* [Activity]: Before copying, set the pictures aside; then repeat every line below verbatim.

** Data excerpt follows **

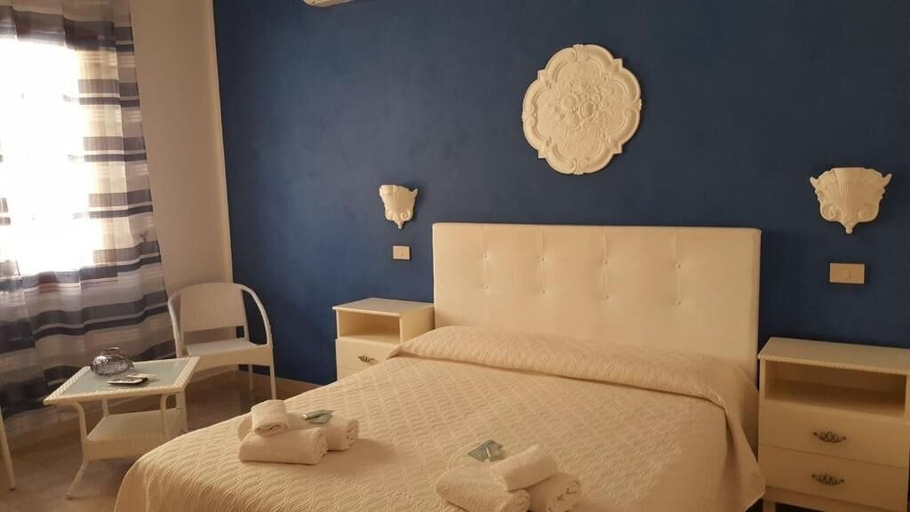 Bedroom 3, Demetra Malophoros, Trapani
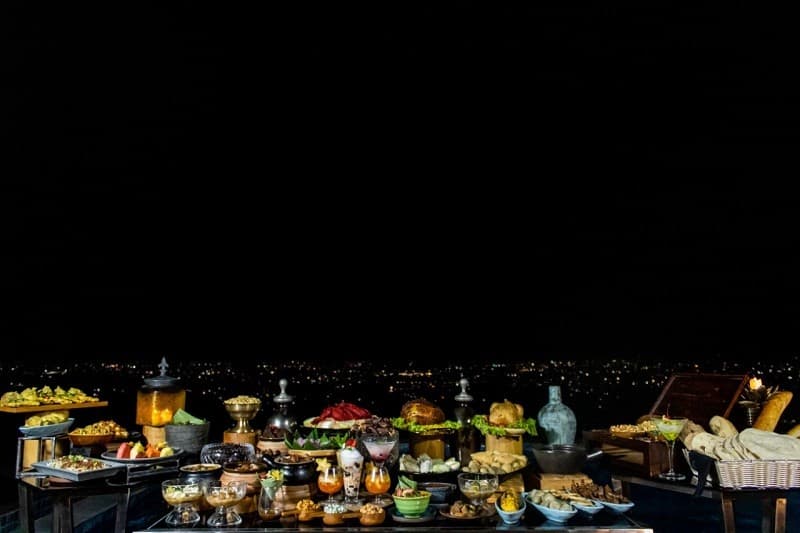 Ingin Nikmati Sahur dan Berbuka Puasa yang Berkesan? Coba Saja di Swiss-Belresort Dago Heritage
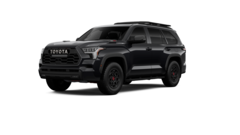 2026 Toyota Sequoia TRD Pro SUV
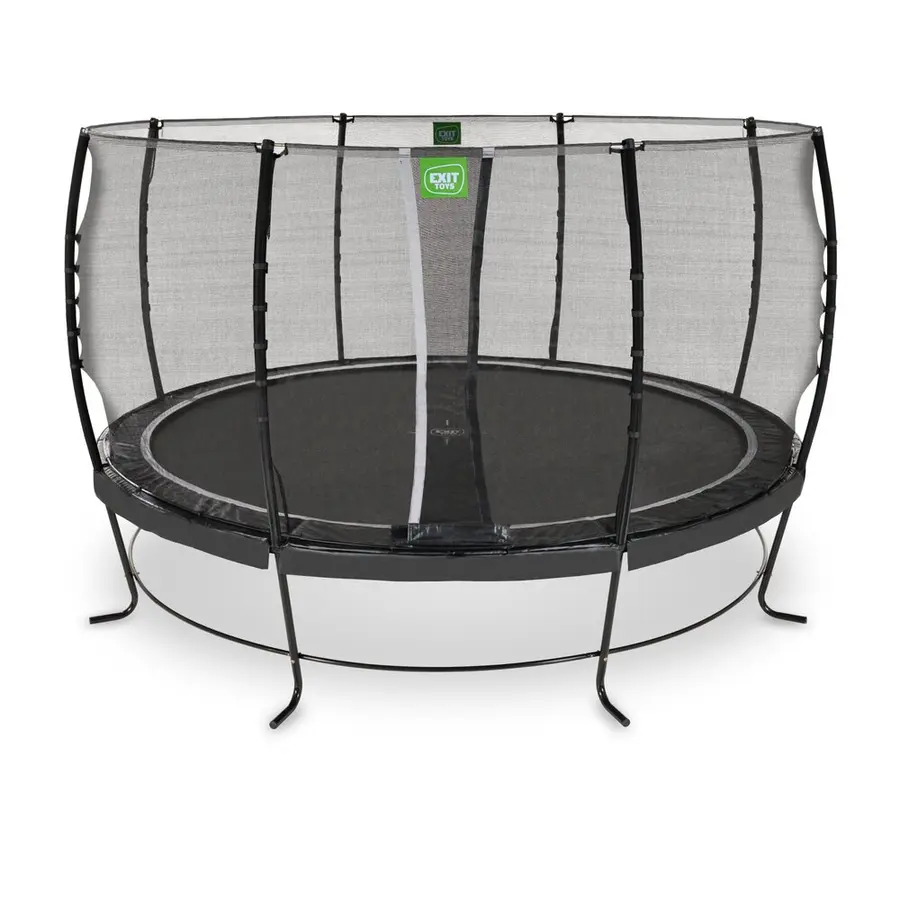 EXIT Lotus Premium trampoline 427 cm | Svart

** End of Data excerpt **

* [Written response]:
 Bedroom 3, Demetra Malophoros, Trapani
 Ingin Nikmati Sahur dan Berbuka Puasa yang Berkesan? Coba Saja di Swiss-Belresort Dago Heritage
 2026 Toyota Sequoia TRD Pro SUV
 EXIT Lotus Premium trampoline 427 cm | Svart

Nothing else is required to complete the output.